Es ist eine der interessantesten Fragen im Bundeshaus: Warum gehen die Medien so pfleglich mit Bundesratskandidat Albert Rösti um? Nie in den letzten Jahrzehnten standen die Journalisten einer Kandidatur eines SVP-Vertreters unkritischer gegenüber.

Es gibt zwei Presseprodukte, die den Gottesdienst stören: Die Wochenzeitung («Ölkönig») und die Weltwoche («Ämtlisammler»). Das sind die einzigen Titel mit einer kritischen Berichterstattung.

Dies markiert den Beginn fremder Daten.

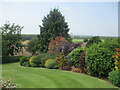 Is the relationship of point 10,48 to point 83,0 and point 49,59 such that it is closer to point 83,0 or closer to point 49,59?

Das Rätsel hat einen einfachen Grund. Es dreht sich – wie fast alles in der Schweiz – um die Person von Christoph Blocher. Alle Politikinteressierten wissen, dass der SVP-Doyen mit der Arbeit des Berner Nationalrats als Präsident der Volkspartei unzufrieden war und ihn absägte.

Die Tatsache, dass Rösti beim «Lord Voldemort» der Schweizer Politik in Ungnade gefallen ist, reicht den Journalisten, um auf Schmusekurs mit Rösti zu gehen. Gerne sehen sie über all das hinweg, was sie sonst ins unbarmherzige Säurebad ihrer Kritik gelegt hätten: Öllobbyist, Auto-Fan, zu wenig Urbanität, und am allerschlimmsten: ein erklärter Gegner der Übernahme der USA/EU-Ukraine-Sanktionen. Es werden gar irre Verschwörungstheorien gezimmert. Hinter den kritischen Medienbeiträgen stünde – ja wer schon? – natürlich der 82-jährige böse Zauberer aus Herrliberg.

Den «Röstiisten» kann es egal sein. Mit allergrösster Wahrscheinlichkeit wird ihr Mann am 7. Dezember gewählt. Das kurze Zerwürfnis mit Christoph Blocher als Parteichef entpuppt sich in Röstis Karriere als wichtige Etappe auf seinem Weg in die Landesregierung.